- Theatrical release poster
- Directed by: Paul Almond
- Screenplay by: Robert Stewart
- Story by: Edgar Wallace
- Produced by: Jack Greenwood
- Starring: Alfred Burke Zena Marshall Oliver Johnston
- Cinematography: Bert Mason
- Edited by: Derek Holding
- Music by: Bernard Ebbinghouse
- Production company: Merton Park Studios
- Distributed by: Anglo-Amalgamated
- Release date: 30 April 1962;
- Running time: 59 minutes
- Country: United Kingdom
- Language: English

= Backfire! (1962 film) =

1962 British film by Paul Almond

Backfire! (also known as Backfire) is a 1962 second feature British film directed by Paul Almond and starring Alfred Burke, Zena Marshall and Oliver Johnston.

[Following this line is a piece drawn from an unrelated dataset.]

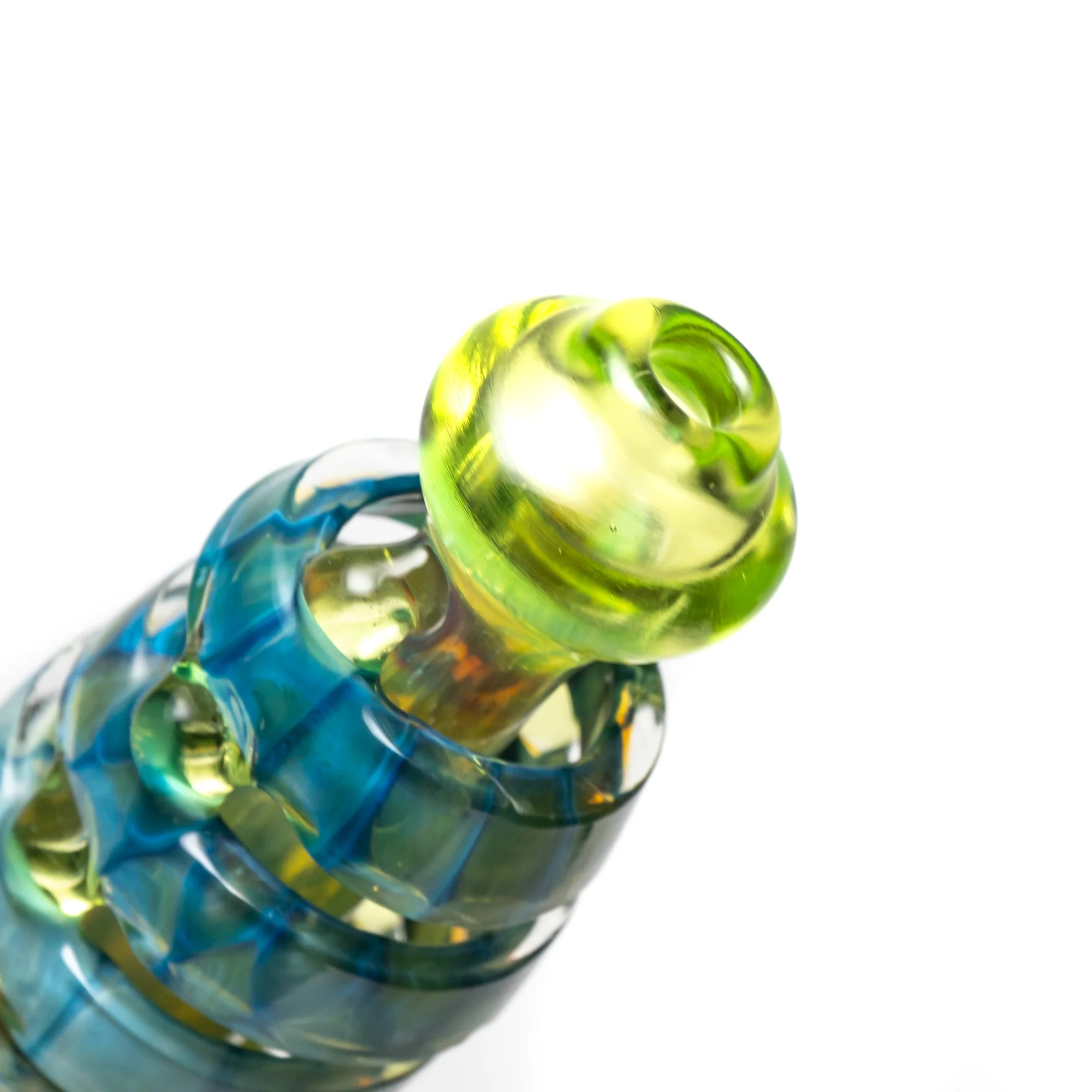 Orian - Exoskeletal Spoon - Image 5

Part of the long-running series of Edgar Wallace Mysteries films made at Merton Park Studios, it was based on a story by Edgar Wallace.

==Plot==
Long-established cosmetics company Venetia Beauty Preparations is in serious financial trouble, having been taken from success to near-ruin by the unscrupulous actions of the devious Mitchell Logan and his wife Pauline, who have inveigled their way to become business partners of the elderly founder Bernard Curzon. Against Curzon's wishes, Logan engages the services of a professional arsonist to burn the factory down, intending to claim on the insurance. But his plan goes horribly wrong.

==Cast==
- Alfred Burke as Mitchell Logan
- Zena Marshall as Pauline Logan
- Oliver Johnston as Bernard Curzon
- Noel Trevarthen as Jack Bryce
- Suzanne Neve as Shirley Curzon
- Derek Francis as Arthur Tilsley
- John Cazabon as Willy Kyser
- Madeleine Christie as Hannah Chenko
- Claire Neilson as Valentina Chenko (credited as Claire Isbister)
- Frank Hawkins as Inspector Fletcher
- Donald Eccles as Hargreaves
- Melody O'Brian as Thelma
- Edwin Brown as commissionaire
- Beresford Williams as nightwatchman
- Bernard Kay as fire chief
- Philip Ray as coroner
- Audrey Nicholson as maid in hotel
- Terry Bale as van man
- Stuart Hutchinson as fireman

==Critical reception ==
The Monthly Film Bulletin wrote: "Economical thriller in the Edgar Wallace series, adequately acted and presented."